Parecer em Ação Direta de Inconstitucionalidade

 

Autos nº. 0452.633-74-2010 (990.10.452633-7)

Requerente: Prefeito Municipal de Serrana

Objeto: Inconstitucionalidade da Lei Municipal 1400, de 25 de maio de 2010, do Município de Serrana

 

Ementa:

1)      Ação direta de inconstitucionalidade.  Lei Municipal 1400, de 25 de maio de 2010, do Município de Serrana, de iniciativa parlamentar, que acrescentando dispositivo à lei anterior que trata da Contribuição de Iluminação Pública.

2)      Reconhecimento pelo Plenário do Col.

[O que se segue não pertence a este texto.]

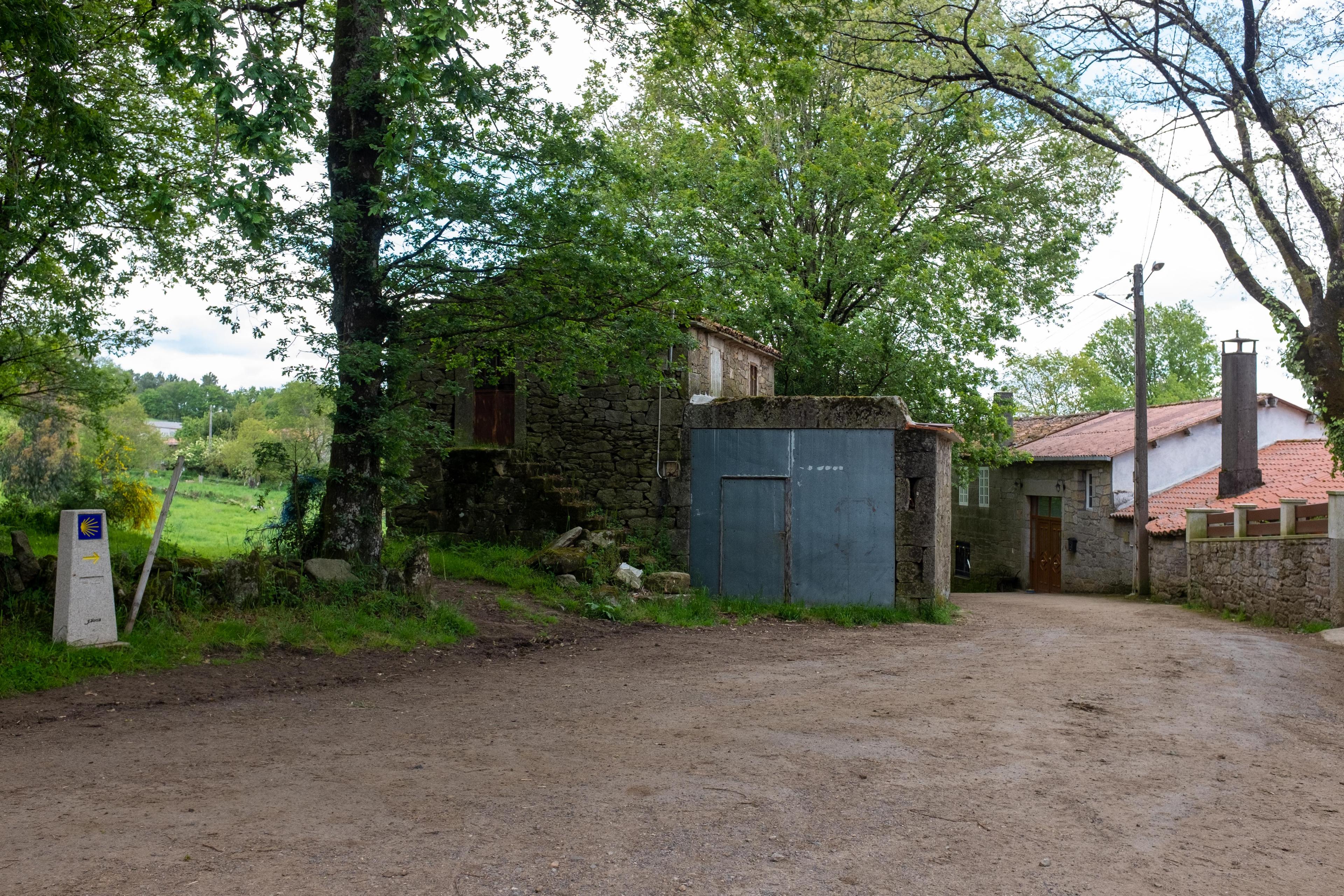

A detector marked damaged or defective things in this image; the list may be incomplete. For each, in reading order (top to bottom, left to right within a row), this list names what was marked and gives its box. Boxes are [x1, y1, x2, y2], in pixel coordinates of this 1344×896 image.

rusted metal door [1030, 498, 1058, 594]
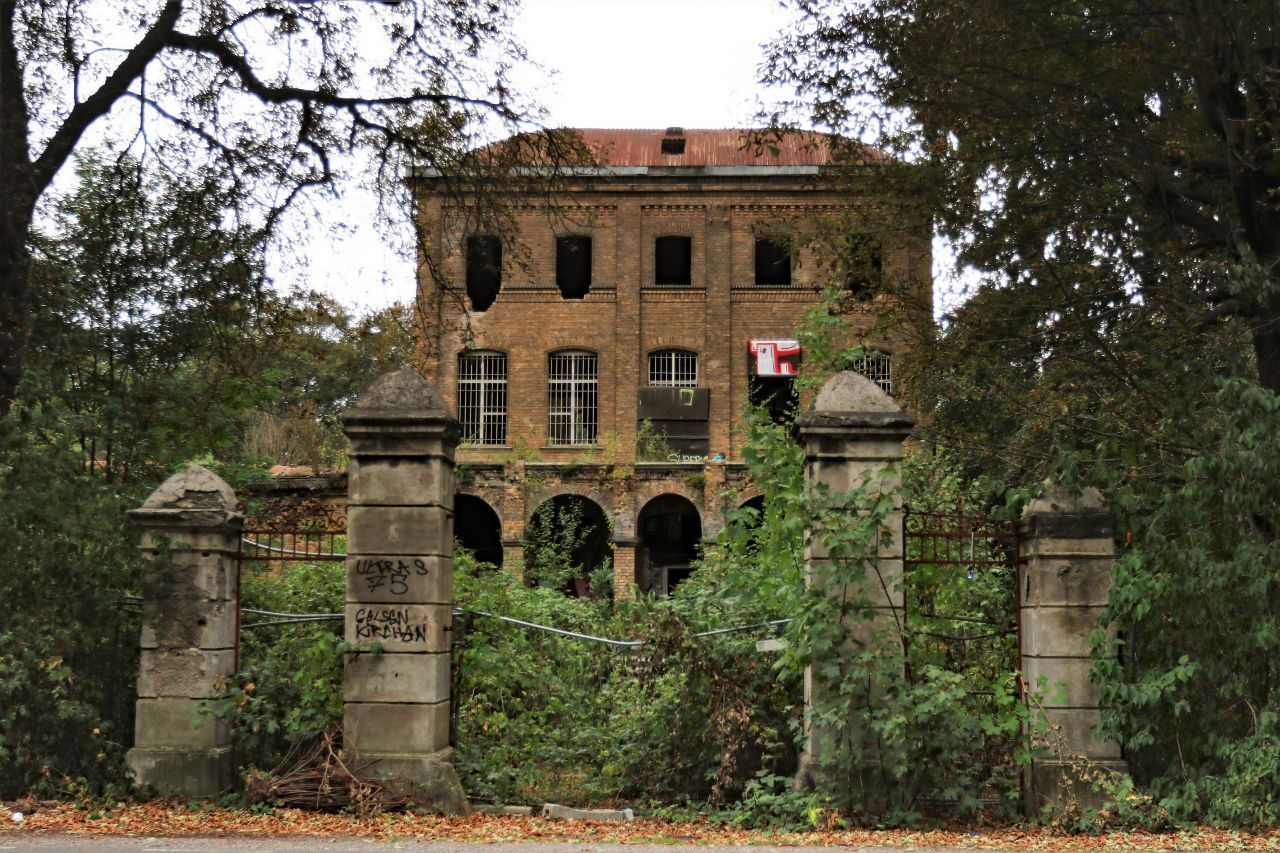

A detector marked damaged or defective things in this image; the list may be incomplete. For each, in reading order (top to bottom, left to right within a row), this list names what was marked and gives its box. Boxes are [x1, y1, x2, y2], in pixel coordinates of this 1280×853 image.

rusted roof [576, 128, 844, 166]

STF da legitimidade constitucional da Contribuição de Iluminação Pública, por força do art. 149-A da CR, decorrente da EC 39/2002, bem como da aplicação do princípio da capacidade contributiva a esse tributo (RE 573.675/SC).

3)      Lei que dispensa do recolhimento da Contribuição de Iluminação Pública contribuintes em condição equivalente. Violação da isonomia tributária (art. 163, II, da Constituição Paulista).

4)      Não observância do princípio da capacidade contributiva, evidenciado pela melhor condição econômica daqueles que são proprietários ou possuidores de mais de um imóvel (art. 160, § 1º, da Constituição Paulista).

5)      Violação do princípio da razoabilidade, dada a desnecessidade, inadequação e desproporcionalidade entre a iniciativa legislativa e os fins por ela almejados (art. 111, “caput”, da Constituição Paulista).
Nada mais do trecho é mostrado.